Benjamin Watson - Perfectionism And Grace

Saints tight end Benjamin Watson was picked in the first round of the 2004 draft by the New England Patriots, who had just won a Super Bowl. Two weeks into that first season, he tore his ACL and was out for the remainder. He watched from the sidelines as his team went all the way and won the Super Bowl again.

As hard as that was, Watson then had a mental battle to face when he returned the following season. “I had put so much expectation on myself to be the player everyone expected me to be when they picked me that I got to a point where I was scared to make mistakes,” he relates.

The first person he went to for guidance was his father, a pastor. “We had a real conversation about mistakes that he made.
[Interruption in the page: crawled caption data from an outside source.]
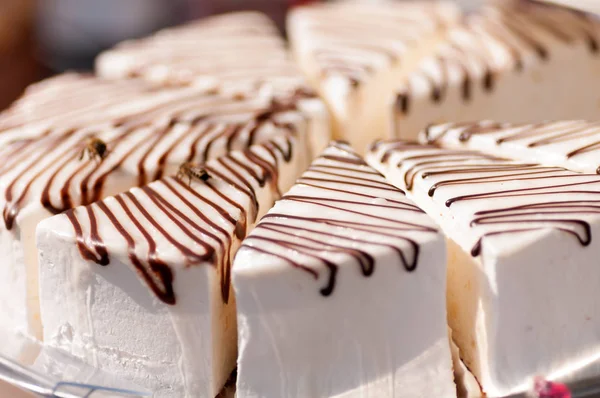 parçalar halinde hizmet pasta   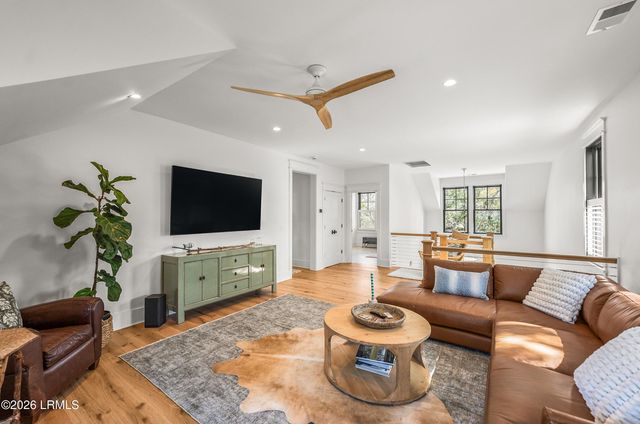 84 Old Oyster Factory Road, Beaufort, SC 29906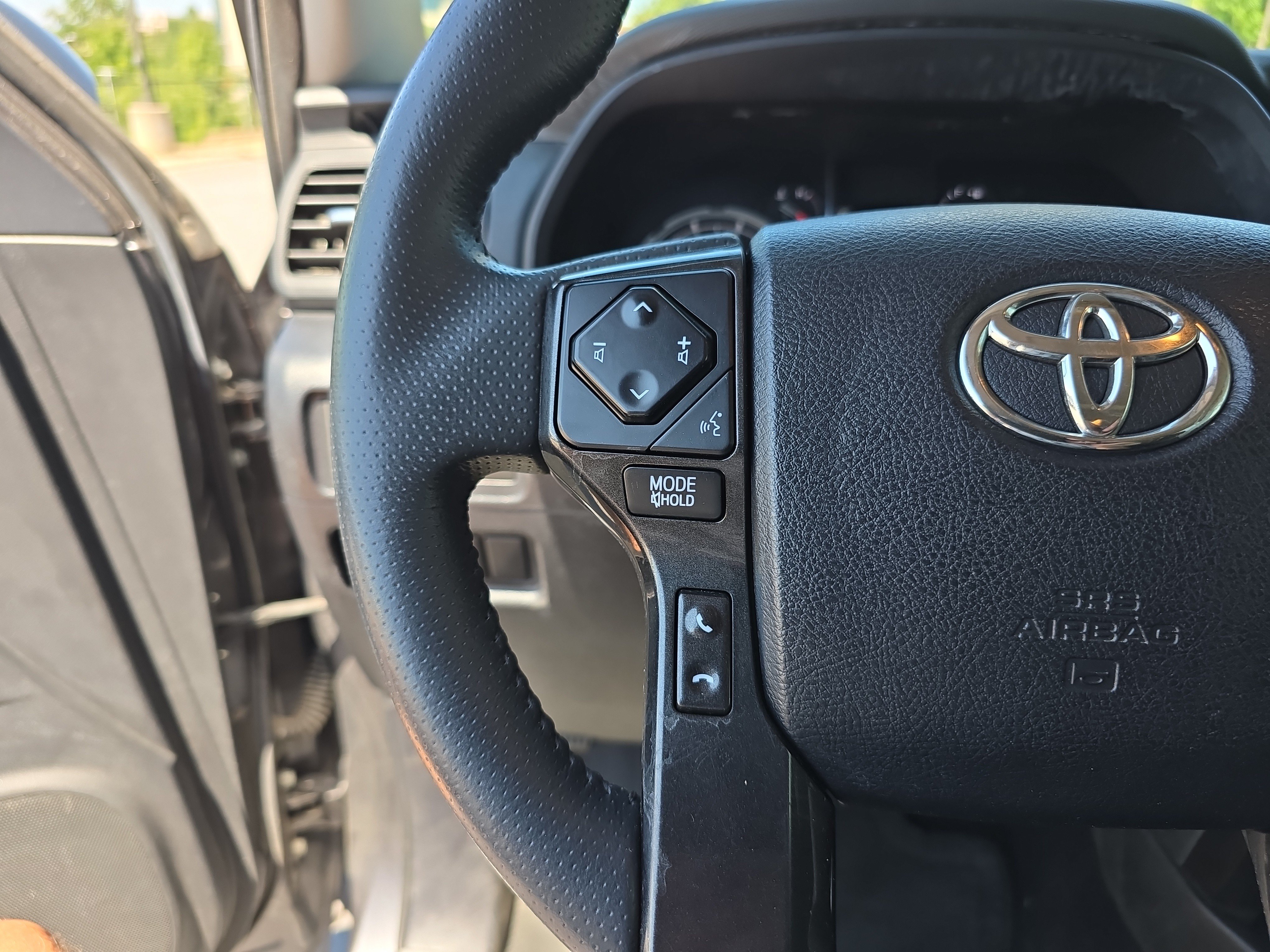 Used 2021 Toyota 4Runner TRD Off-Road Premium w/ Moonroof Package AWD/4WD image 32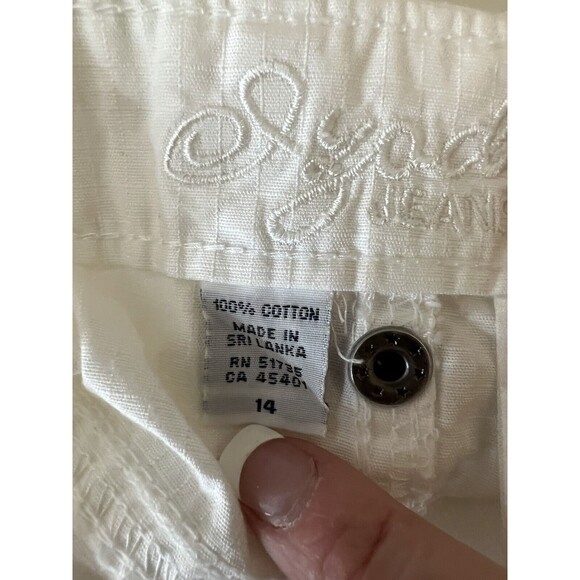 Izod Women’s Performance Hiking Walking Golf Cargo Shorts 14 New With Tags READ - Picture 8 of 10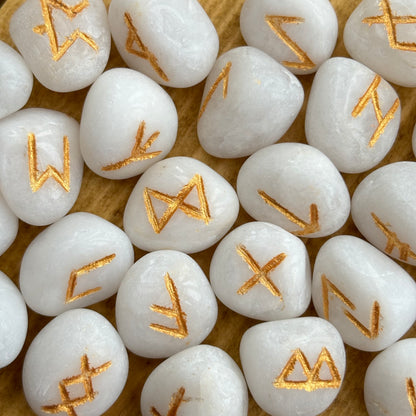 Complete Set of White Agate Crystal Runes With Pouch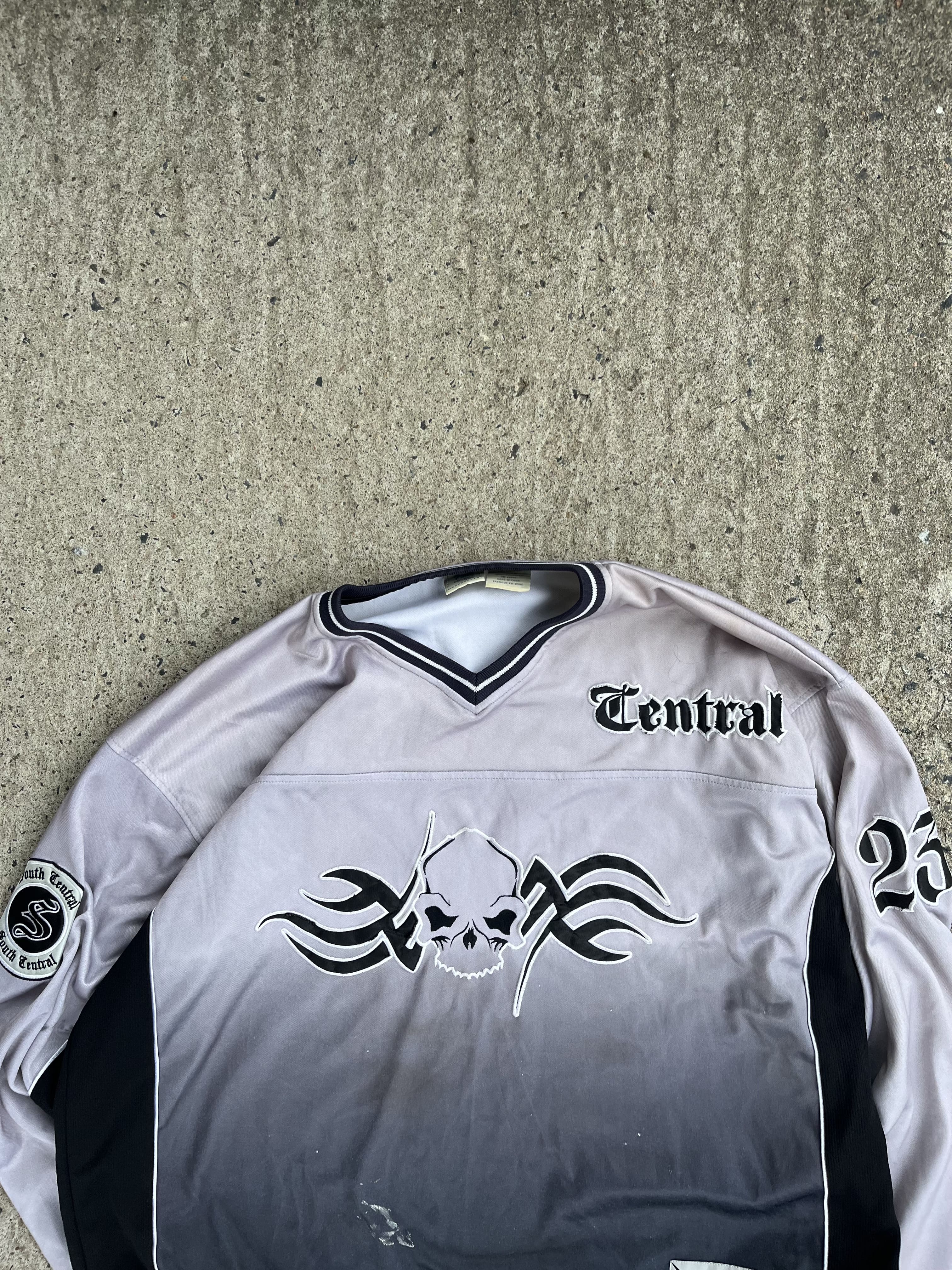 Vintage 90s Skull Graphic Faded Grunge Longsleeve (XL)
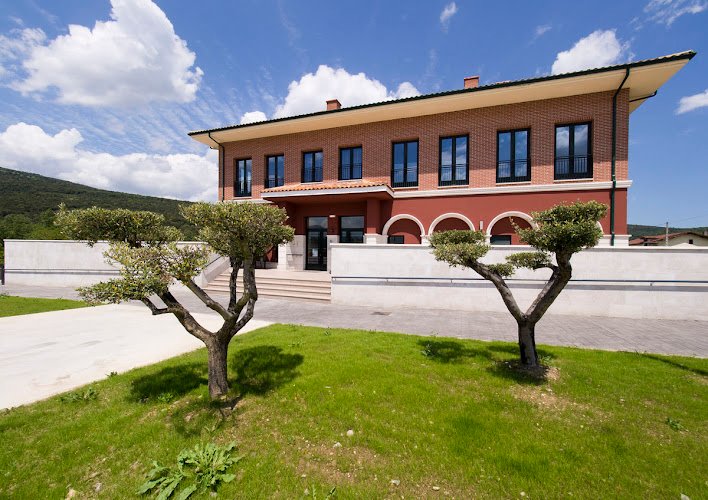Residencia-de-mayores-Puerta-de-Mena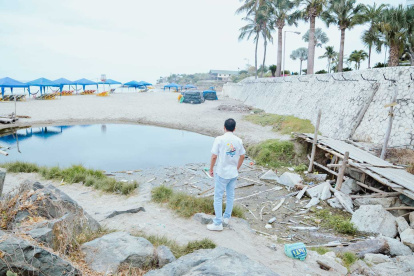 La poza de aguas servidas está en el sector de playa Chabela, justo pasando el rompeolas.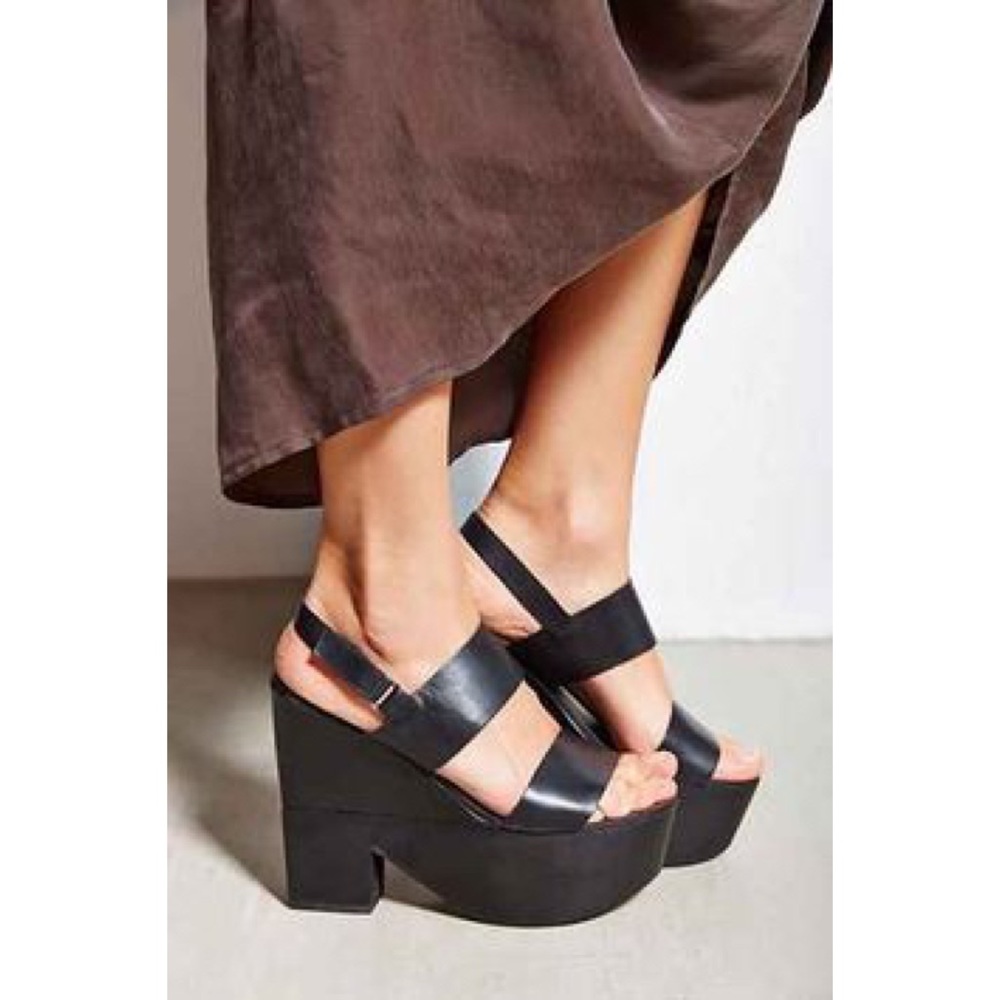 Black Leather Platform Sandal - Picture 2 of 5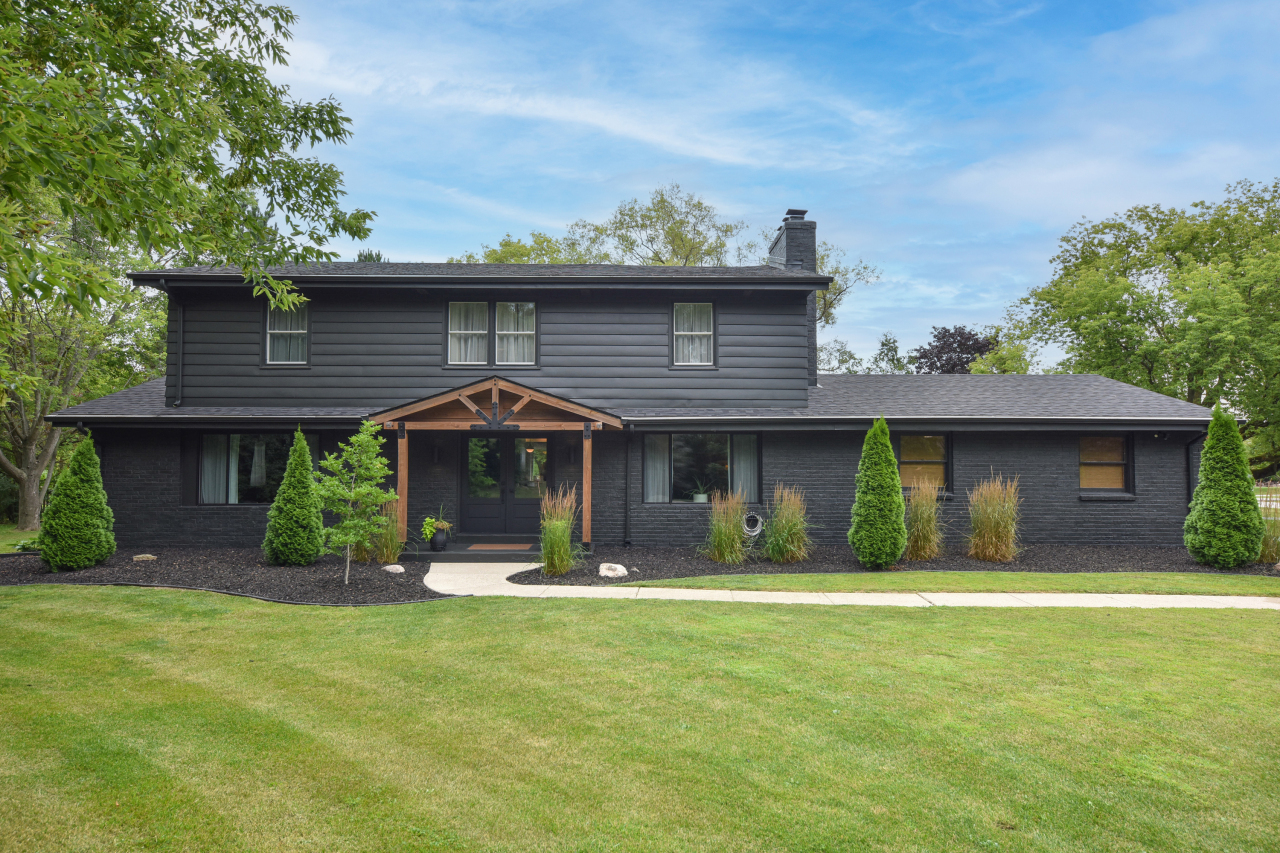 Property Photo:  9220 N Sleepy Hollow Ln  WI 53217 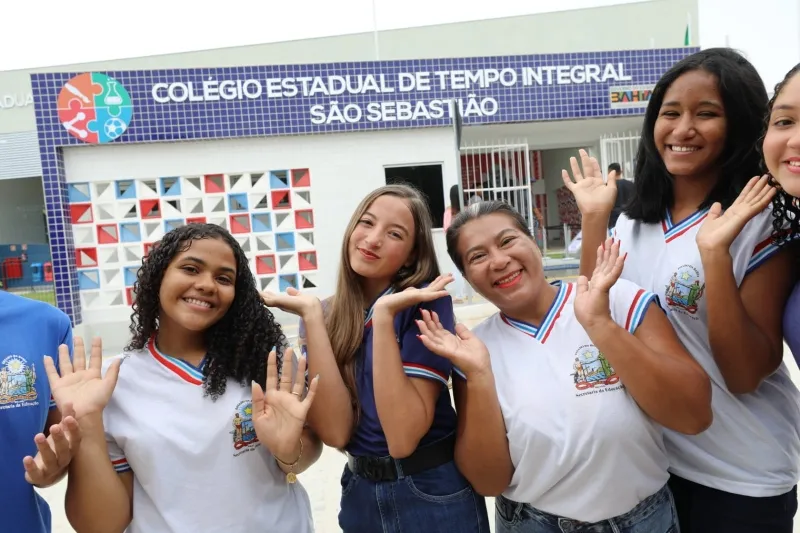 Alunas do colégio  situado no distrito de  Algodões, em Quijingue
I had put him on this pedestal, thinking I could never be like him; he’s a pastor, everybody looks up to him.” Watson says. “I had brought all of that into football and into my spiritual life and that’s kinda how I was viewing God.”

Watson wasn’t living in the freedom that God gives us because of His grace. He wasn’t free to fail and be forgiven. Nor was he free to attain new heights, in football or in his spiritual life. Because he was scared to mess up.

What if God’s grace was bigger than our failures? (Hint: It is.)

Eventually, through much intentional prayer and many surrenders, Watson began to feel free. “It’s OK to fail. [In our work] and in our spiritual life. We strive to be perfect, but perfectionism isn’t what earns us His grace!”

“See what great love the Father has lavished on us, that we may be called children of God. And that is what we are!” —1 John 3:1

“We don’t earn the right to be called God’s children. We don’t earn the right to be redeemed. We didn’t earn any of that stuff. Christ earned it for us.”